光アクセスネットワークの形態の一つに,設備センタ内の OLT とユーザ宅内の ONU との間に光受動部品を設置し,1 心の光ファイバを複数の ONU で共有する PDS 方式を採用したものがある。

PDS 方式を用いた光アクセスネットワークの一つである GE-PON では,1 心の光ファイバから複数の光ファイバに光信号を分岐する光受動部品として,一般に,平面光波導波路(PLC)型の光スプリッタが用いられている。4 分岐と 8 分岐の PLC 型光スプリッタを組み合わせて設備センタ内の 1 心の光ファイバで最大 32 ユーザを収容する構成では,1 ユーザの伝送路における分岐による原理的な光損失は約 15 [dB] となり,伝送距離を制限する要因となる。

また,GE-PON では,WDM 方式による双方向多重伝送技術が用いられており,設備センタからの下り信号には 1.49 μm 帯の波長帯域が割り当てられている。さらに,光ネットワークを保守・監視するための試験光には信号光とは別の波長帯域が割り当てられており,一般に,戸建て向けの GE-PON では,通信に影響を及ぼすことなく試験を行うことができるように ONU の直前にファイバグレーティングを利用して試験光を遮断する光フィルタが組み込まれている。ファイバグレーティングは紫外線照射によるガラスの屈折率の増加現象を利用して光ファイバの屈折率を周期的に変化させたものであり,光コネクタに内蔵されている場合もある。

PDS(Passive Double Star)は,NTT が開発した PON の具体的な通信方式の一つ。

32 ユーザを収納する構成の光損失

1 つの分岐での損失は 1/2 で,32 ユーザ(25 ユーザ)を収容する構成の分岐による原理的な光損失は次式となる。
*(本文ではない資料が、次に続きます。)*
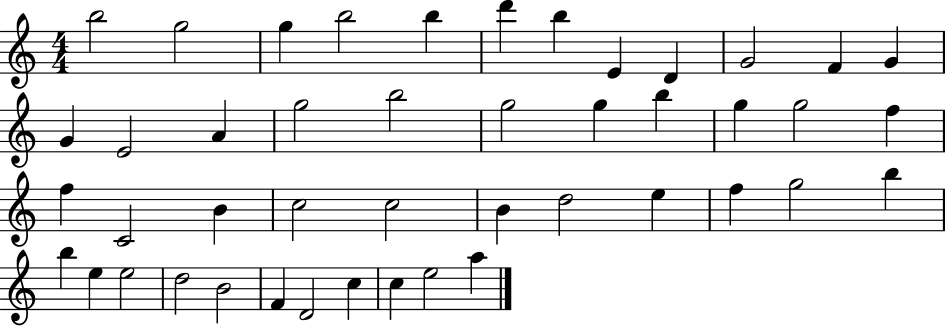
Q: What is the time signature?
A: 4/4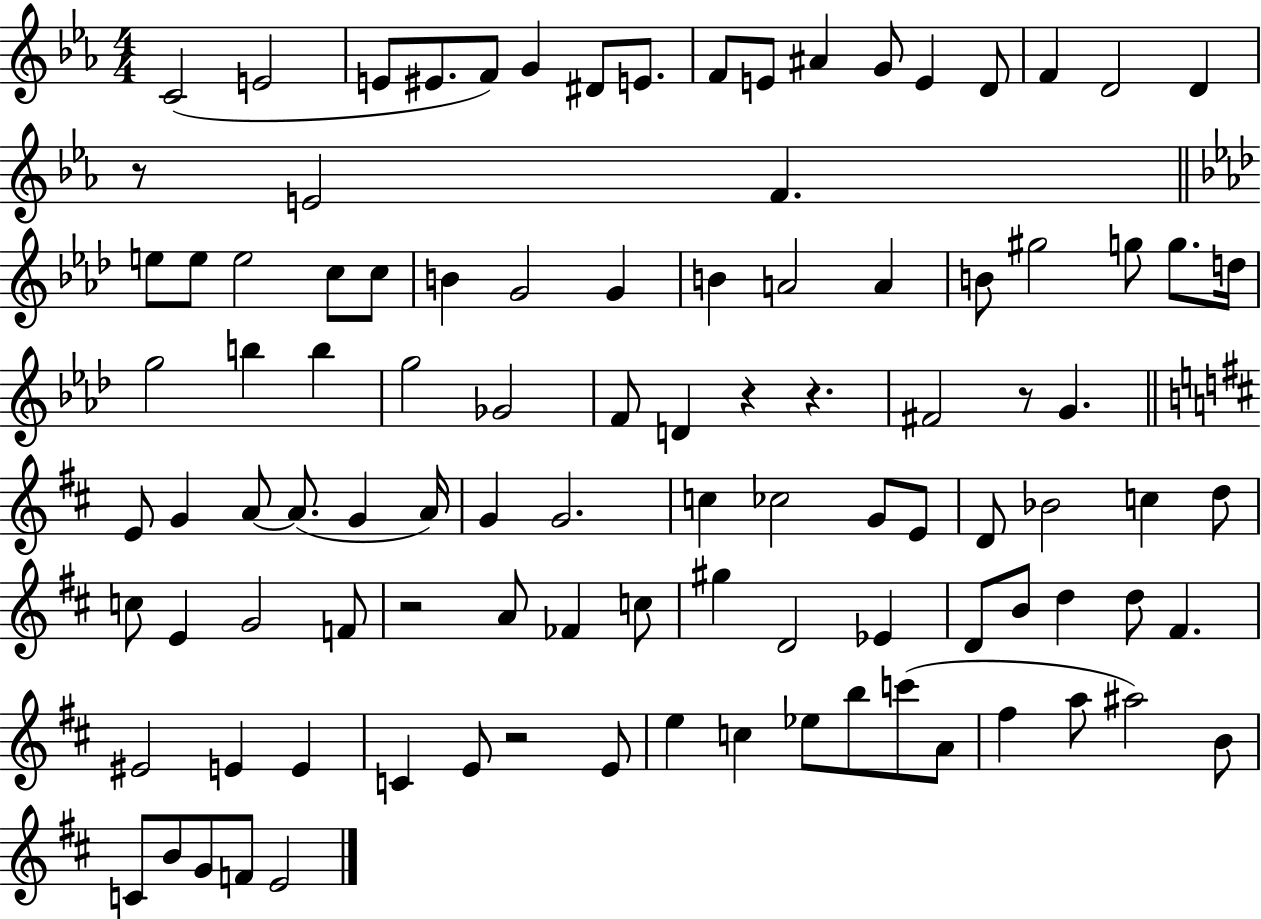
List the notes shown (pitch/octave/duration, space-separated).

C4/h E4/h E4/e EIS4/e. F4/e G4/q D#4/e E4/e. F4/e E4/e A#4/q G4/e E4/q D4/e F4/q D4/h D4/q R/e E4/h F4/q. E5/e E5/e E5/h C5/e C5/e B4/q G4/h G4/q B4/q A4/h A4/q B4/e G#5/h G5/e G5/e. D5/s G5/h B5/q B5/q G5/h Gb4/h F4/e D4/q R/q R/q. F#4/h R/e G4/q. E4/e G4/q A4/e A4/e. G4/q A4/s G4/q G4/h. C5/q CES5/h G4/e E4/e D4/e Bb4/h C5/q D5/e C5/e E4/q G4/h F4/e R/h A4/e FES4/q C5/e G#5/q D4/h Eb4/q D4/e B4/e D5/q D5/e F#4/q. EIS4/h E4/q E4/q C4/q E4/e R/h E4/e E5/q C5/q Eb5/e B5/e C6/e A4/e F#5/q A5/e A#5/h B4/e C4/e B4/e G4/e F4/e E4/h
\[ 10 \log_{10}{(\frac{1}{2})^5} = -50 \log_{10}{2} = -50 \times 0.3 = -15 \text{ [dB]} \]
GE-PON システム
図 GE-PON システム

(2) メタリック平衡対ケーブル及び光ファイバケーブルの構造,特徴など

(ⅰ) メタリック平衡対ケーブルの構造又は特性

  1. メタリック平衡対ケーブルの直流導体抵抗値は,導体の長さに比例し,心線径に反比例する。また,温度が高くなるほど直流導体抵抗値は低下する。(
  2. 架空用メタリック平衡対ケーブルとしては,ケーブルと鋼撚り線が一体となった自己支持(SS)形ケーブルが施工面において優れていることから,広く用いられている。また,SS 形ケーブルは,断面形状がひょうたん形であることから,強風によるダンシング現象を抑制することができるため,強風地帯にも適している。(
  3. 地下用メタリック平衡対ケーブルと架空用メタリック平衡対ケーブルは,一般に,仕様をできるだけ同一にする必要があるため,心線径は,0.4 [mm],0.5 [mm] 及び 0.65 [mm] の 3 種類に統一されている。(
  4. 地下用メタリック平衡対ケーブルには,外被構造をアルミテープとポリエチレン(PE)外被を一体化した LAP 構造とし,心線絶縁材料として PE 内に気泡を含ませることにより誘電率を抑えた発砲 PE を用いた PEC ケーブルがある。(

メタリック平衡対ケーブルの直流導体抵抗値は,導体の長さに比例し,心線径の 2 乗に反比例する。また,温度が高くなるほど直流導体抵抗値は増加する。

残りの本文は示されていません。